▶ _Provided material_
Segment Open

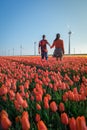 Tulip fields in the Netherlands, couple men and woman in flower field during Spring in the Nethertlands Royalty Free Stock Photo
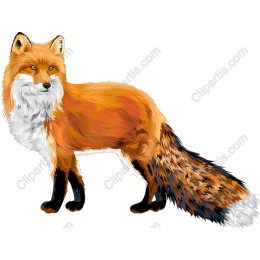 Majestic Fox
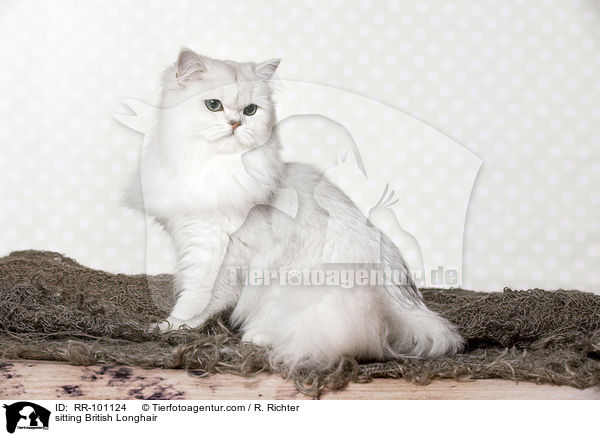 sitzende Britisch Langhaar / sitting British Longhair / RR-101124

Segment Closed

▶ _Exercise details_
Reproduce all of the data exactly, omitting each picture it holds.

▶ _Exercise solution_
 Tulip fields in the Netherlands, couple men and woman in flower field during Spring in the Nethertlands Royalty Free Stock Photo
 Majestic Fox
 sitzende Britisch Langhaar / sitting British Longhair / RR-101124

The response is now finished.